━━ EXERCISE INPUT

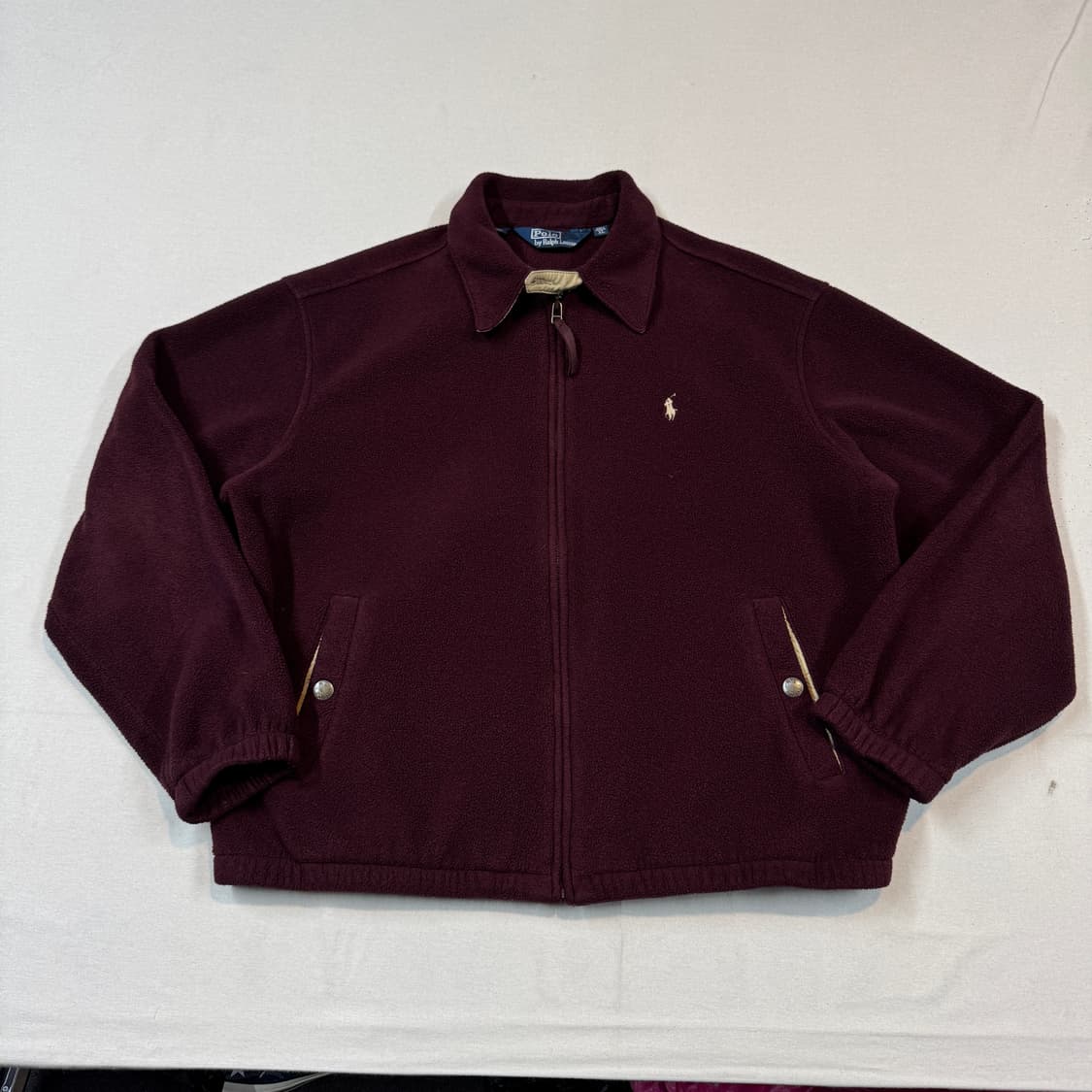 XL) 폴로 랄프로렌  폴라텍 플리스 스윙탑 자켓 버건디 상품이미지1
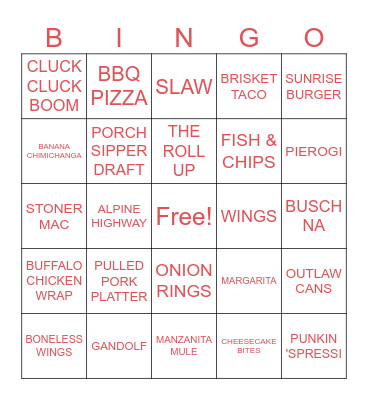 SOUTHSIDE BINGO Card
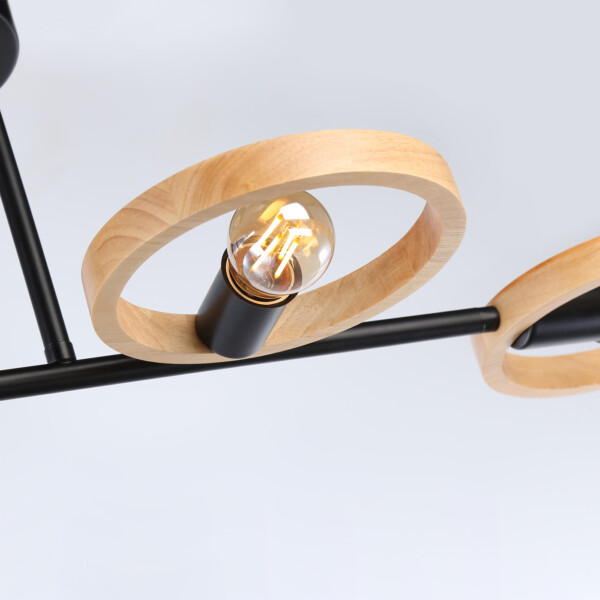 TR8248/4 BK/LWD черный/светлое дерево E27/4 max 40W 840*360*220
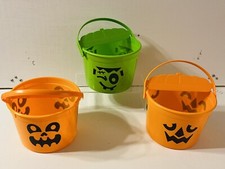McDONALD's 2022-2023 Halloween Bucket Pail Classic Buckets HAPPY MEAL TOYS 3 Set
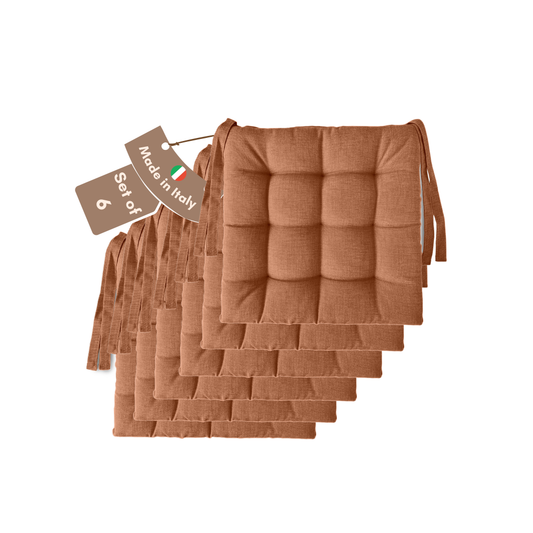 Cuscini copri sedie da cucina Bronzo - Linea Rome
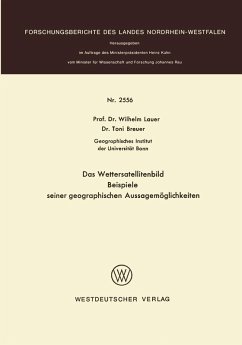 Das Wettersatellitenbild - Beispiele seiner geographischen Aussagemöglichkeiten (eBook, PDF) - Lauer, Wilhelm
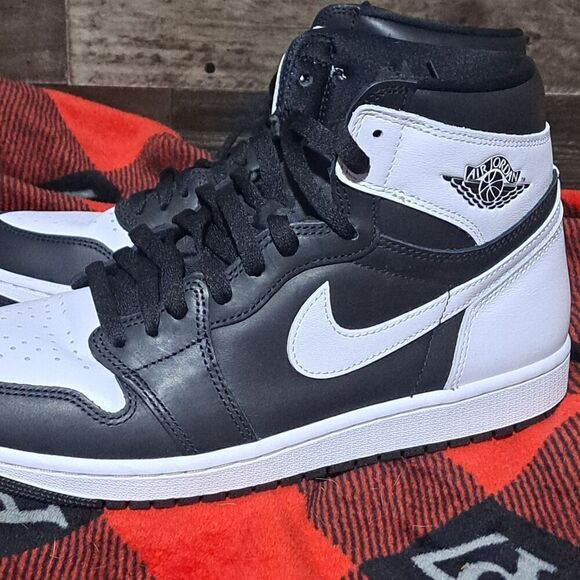 Air Jordan 1 High Black White 2.0 2024 Size 11 Used Once Rare Retro Authentic - Picture 7 of 8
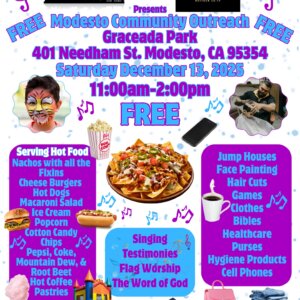 Modesto Community Outreach - Takin' it to the Streetz Modesto Community Outreach - Takin' it to the Streetz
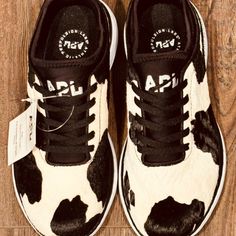 Women’s Apl Luxury Athletic Shoes. Black / White / Cow Will Gladly Communicate Through Poshmark To Answer Any Questions White Cow, Athletic Women, Shoes Black, Athletic Shoes, Cow, Black White, Women Shoes, Black And White, Women Shopping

━━━━

** TASK **
Take the lines from the start of the material to the line with "Modesto Community Outreach - Takin' it to the Streetz Modesto", both included, and transcribe them exactly without the pictures.

** ANSWER AREA **
 XL) 폴로 랄프로렌  폴라텍 플리스 스윙탑 자켓 버건디 상품이미지1
 SOUTHSIDE BINGO Card
 TR8248/4 BK/LWD черный/светлое дерево E27/4 max 40W 840*360*220
McDONALD's 2022-2023 Halloween Bucket Pail Classic Buckets HAPPY MEAL TOYS 3 Set
 Cuscini copri sedie da cucina Bronzo - Linea Rome
 Das Wettersatellitenbild - Beispiele seiner geographischen Aussagemöglichkeiten (eBook, PDF) - Lauer, Wilhelm
 Air Jordan 1 High Black White 2.0 2024 Size 11 Used Once Rare Retro Authentic - Picture 7 of 8
 Modesto Community Outreach - Takin' it to the Streetz Modesto Community Outreach - Takin' it to the Streetz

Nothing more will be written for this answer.